Pour dépasser les seules dimensions fonctionnelles du comportement et prendre en compte la dimension émotionnelle, Bonnin (2003) a proposé la théorie de l’appropriation de l’espace, selon laquelle l’individu cherche à avoir une emprise sur l’environnement dans lequel il évolue. Cette emprise comprend une composante émotionnelle importante en lien avec la recherche de rassurance par l’individu. L’utilisation de la notion de l’appropriation pour les points de vente est un élément constitutif de l’accès à l’offre. L’appropriation de l’interface commerciale par l’acheteur est également un moyen pour lui de vivre une expérience de magasinage, non seulement efficace mais aussi source d’émotions et de plaisir. La notion d’appropriation est intéressante car elle est en lien direct avec la création d’expérience, elle permet de créer la

Dans cette lignée de pensée, Ouvry et Ladwein (2008) ouvrent une autre piste de recherche conciliant l’étude du repérage dans l’espace et celle de l’impact de l’atmosphère du magasin sur le consommateur. Il semble en effet très probable que la connaissance d’un lieu soit liée au plaisir et aux sensations que le consommateur peut ressentir dans le magasin car, s’il n’a pas d’efforts cognitifs à fournir dans ce cas pour se repérer, il peut être beaucoup plus réceptif à l’environnement créé par le distributeur (Schmitt, 2009).

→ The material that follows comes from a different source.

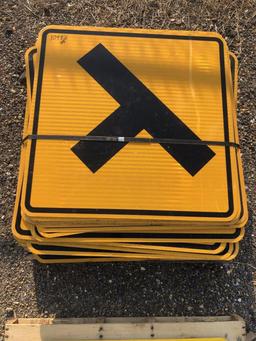 Signs - 1 pallet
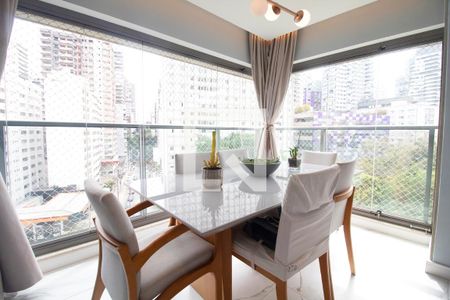 Apartamento à venda com 2 quartos, 71m² em Jardins, São Paulo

Dans cette perspective, Arnould (2005) a mis en place la « Consumer Culture Theory ». L’idée principale d’Arnould postule que les consommateurs s’engagent dans une activité d’achat afin de réaliser leurs projets. La proposition sous-jacente de cette théorie est que le consommateur ne peut pas être considéré comme passif vis-à-vis de l’offre proposée par les entreprises mais, qu’au contraire, il s’en sert pour réaliser ses propres projets, en utilisant ses ressources culturelles. Selon Arnould et Thompson (2005), il existe autant de moyens de contact dans une logique d’accompagnement au service du consommateur. Les enseignes doivent disposer d’une panoplie de moyens pertinents pour répondre aux sollicitations du consommateur qui mobilise et contrôle lui-même sa navigation dans l’univers commercial et informationnel. Cette façon d’aborder le consommateur représente une rupture radicale avec son approche sous l’angle de la transaction commerciale (choix des marques, réaction post-achat, achat…). La CCT avance que les consommateurs consomment des produits pour leur dimension symbolique, pour le plaisir de consommer, dans un cadre temporel donné, sous la forme d’expériences. Il en résulte qu’il n’est pas possible de comprendre le consommateur sans prendre en compte toutes les dimensions de la consommation idéologique, sociale, culturelle, symbolique, expérientielle (Roederer & Filser, 2015). La CCT a été investiguée en particulier sur les travaux de l’expérience de consommation et du marketing expérientiel (Roederer & Filser, 2015).

Les théories de la carte mentale et de wayfinding ont été élaborées sur le repérage des produits par les consommateurs dans l’espace sous l’angle fonctionnel, sans tenir compte de leurs composantes hédoniques et émotionnelles.